Legg Mason Inc. shareholders Tuesday sent a strong message to three directors who awarded executive bonuses during a nonprofitable year by withholding about 40 percent of the votes for their re-election.
Although John E. Koerner III, Cheryl Gordon Krongard and Scott C. Nuttall, who sit on the compensation committee, garnered majority votes to retain their board seats, shareholders withheld an average of 48 million of 120.9 million shares cast for each director - a high percentage of withheld votes, according to one proxy firm.
Two other board members each received more than 95 percent of the shares cast.
"It's a vote of no confidence against the compensation committee for giving out large pay awards that were not based on performance," said Richard Ferlauto, director of corporate governance and pension investments at the American Federation of State, County and Municipal Employees, which along with two proxy firms recommended that shareholders withhold votes against the trio. AFSCME's pension fund owns 900 shares of Legg.
Withheld votes of greater than 20 percent of shares were recorded for about 8 percent of all director nominees this year, according to PROXY Governance, a proxy advisory service. Only a few companies have had withhold percentages of greater than 40 percent, the firm said.
Legg declined to comment on the votes withheld for the trio on the compensation committee.
While executive pay has been a source of concern for shareholders in recent years, the issue has gained renewed urgency amid tough economic times.
"Any company in financial services has to be aware that executive pay is a hot button issue for the public. Any board that fails to be sensitive to that has to expect backlash from their shareholders," said Stephen M. Davis, executive director of the Millstein Center for Corporate Governance and Performance at Yale University School of Management.
"We're in the context of job losses, people lost income either because their jobs have ended or pay is going down or they've seen their savings decimated, and in that context, there is increasing public interest in seeing that companies are in the same boat as the average American," he added.
RiskMetrics Group and Glass Lewis & Co., which provide guidance on proxy proposals and corporate governance issues, had recommended that shareholders essentially vote against the three members of the compensation committee because they objected to the panel's rationale for granting bonuses to executives, including chief executive Mark R. Fetting, whose total incentive pay was valued at $1.36 million for the year ending March 31, half of what he received the previous year.
Roger W. Schipke, a Legg director and chairman of the compensation committee, defended the bonuses, saying the committee balanced the company's results during the "extraordinary market environment" with the need to retain management talent. He noted that executives put Legg in a profitable position after wiping out toxic investments in its money market funds and cutting expenses.
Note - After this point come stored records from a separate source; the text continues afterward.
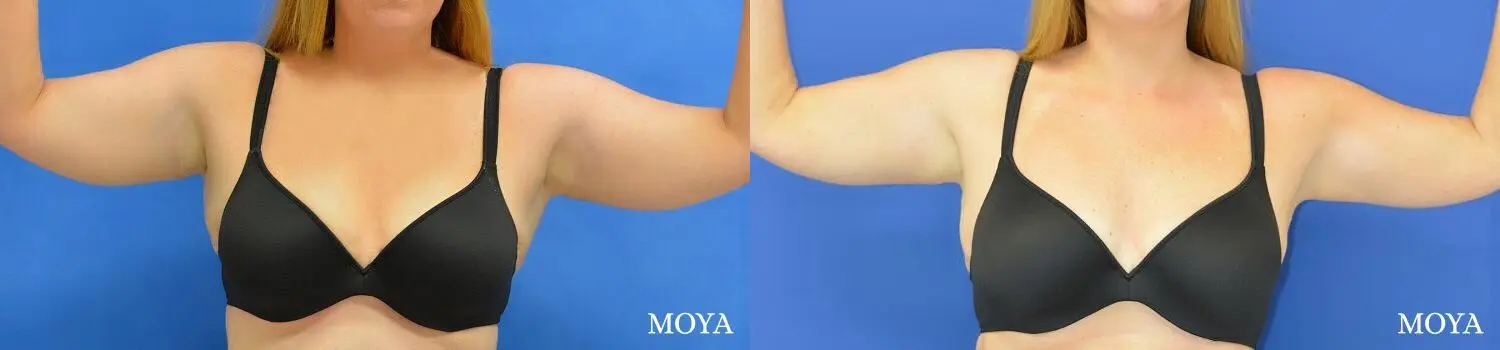 Liposuction (Arms):  Patient 1 - Before and After 2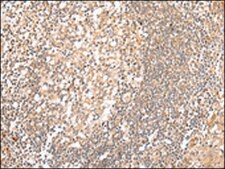 Anti-HTR2A affinity isolated antibody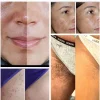 محلول احیا کننده سفید کننده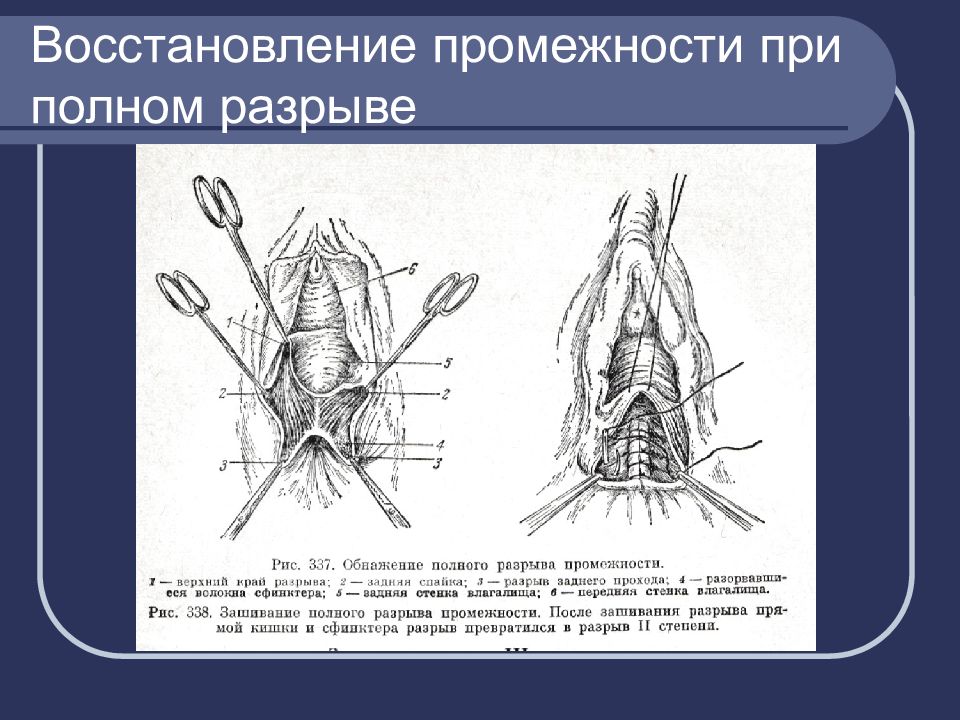 Акушерский травматизм презентация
Legg reported a net income of $50.1 million, or 35 cents per diluted share in the three months ending June 30.
"We felt we could not turn our backs on the good things that they had done," Schipke said at Legg's annual meeting at the Center Club at the top of the firm's Inner Harbor headquarters in Baltimore.
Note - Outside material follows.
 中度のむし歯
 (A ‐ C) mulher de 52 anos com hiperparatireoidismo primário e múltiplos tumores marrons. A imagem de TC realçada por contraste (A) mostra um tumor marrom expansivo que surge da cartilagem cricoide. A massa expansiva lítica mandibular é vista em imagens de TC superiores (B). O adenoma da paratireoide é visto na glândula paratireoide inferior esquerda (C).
Although Legg lost $1.9 billion for the year ending March 31, Schipke noted the loss primarily came from two charges related to propping up its money market funds that were invested in the toxic investments and write-downs for impairment of goodwill and intangible assets.
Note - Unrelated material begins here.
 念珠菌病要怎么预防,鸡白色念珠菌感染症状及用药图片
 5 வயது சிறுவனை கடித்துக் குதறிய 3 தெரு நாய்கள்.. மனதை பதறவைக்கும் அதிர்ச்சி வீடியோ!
Without those charges, the company would have been profitable and would have produced a bonus pool large enough to pay the awards, Schipke said.
In general, Fetting said after the meeting that he is not surprised by shareholder concern over executive compensation in an environment where policymakers in Washington are trying to restrict pay for top executives. He also noted that institutional shareholders have always had an interest in the issue.
But he said the company struck the right balance in recognizing its financial results while retaining its top talent.
Shareholders also approved a proposal to elect directors by a majority vote, instead of using a plurality vote standard, which means nominees must receive more "for" votes.
The Legg board recommended against the nonbinding proposal.
While acknowledging the importance of the vote, Fetting said the board will have to deliberate on the issue, while not committing to changing the election rules.
A second shareholder proposal that would have amended Legg's Executive Incentive Compensation plan to promote a long-term perspective on pay failed to get enough votes.